Benchmark Management: If You’re Not Sharing with Your Partners, You’re Missing Out

Benchmark Management

This post will provide a functional understanding of benchmarking as a performance management technique and show how to use benchmark management to make the most of your business partnership.

While the concept of benchmarking as a management tool has only been around for the past two decades, it has been widely adopted by businesses looking to get a leg up on competitors. Unfortunately, while benchmark management holds great potential to help enterprises identify and implement best practices, benchmarking itself has been too broadly defined and all too often misunderstood entirely. This disconnect between theory and practice ultimately results in benchmarking projects that lack focus and fail to yield usable results.

What Is Benchmarking?

Benchmarking can generally be defined as the process of identifying and using concrete examples of principles and practices within the industry to set tangible standards and goals for your own company. While this technique typically involves comparison across companies (external benchmarking), the practice can also be applied between distinct departments within a company looking to improve and learn from one another (internal benchmarking). This procedure can further be categorized into three types:

  • Process benchmarking entails analyzing the way top performers accomplish different tasks
  • Performance benchmarking focuses on certain performance metrics, such as sales, revenue or even customer service. Performance benchmarking allows businesses to identify areas for improvement and prioritize resources for those areas
  • Strategic benchmark management addresses high level planning and winning strategies to that have allowed certain teams to stand out in their organization or industry. Incorporating specific and relevant indicators is equally important

Irrespective of the type of benchmarking an organization undertakes, a well-structured and systematic process is critical for success.
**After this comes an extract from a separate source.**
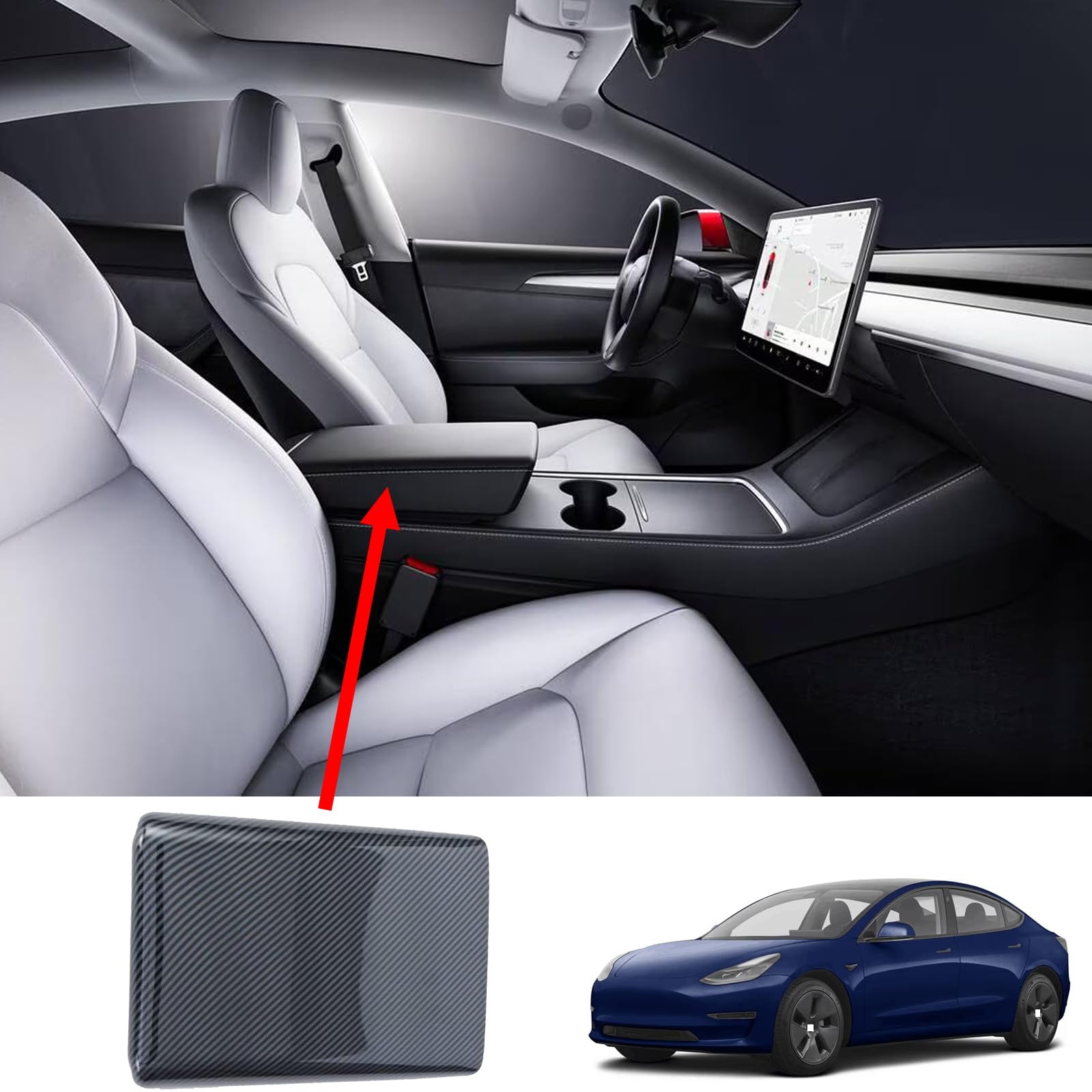 Car Central Control armrest Box Panel Cover，for Tesla Model 3 2023 2024 Accessories, Carbon Fiber Auto Armrest Cover Protector von OZSSLJJ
Indicators for Benchmark Management

Companies must keep in mind that using different benchmarks will yield different insights. While some indicators will be standard, such as structure, staffing or business economics, others may not be so obvious. Below are Forbes’ nine business performance metrics to consider including in the process:

  • Cash flow from operations
  • Inventory turns
  • Receivables growth vs. sales growth
  • Productivity
  • On-time deliveries
  • Employee retention
  • Backlog
  • Interest rate coverage
  • Gross profit margin by product line/type

Source Benchmarks from Your Partners

While benchmarking is an excellent method of sourcing best practices for your business, it can further serve as a form of resource sharing with your business partners. Not only is this mutually beneficial to both entities, but the accuracy and level of detail of the information you and your partners will exchange will be much higher than what you could source from competitors.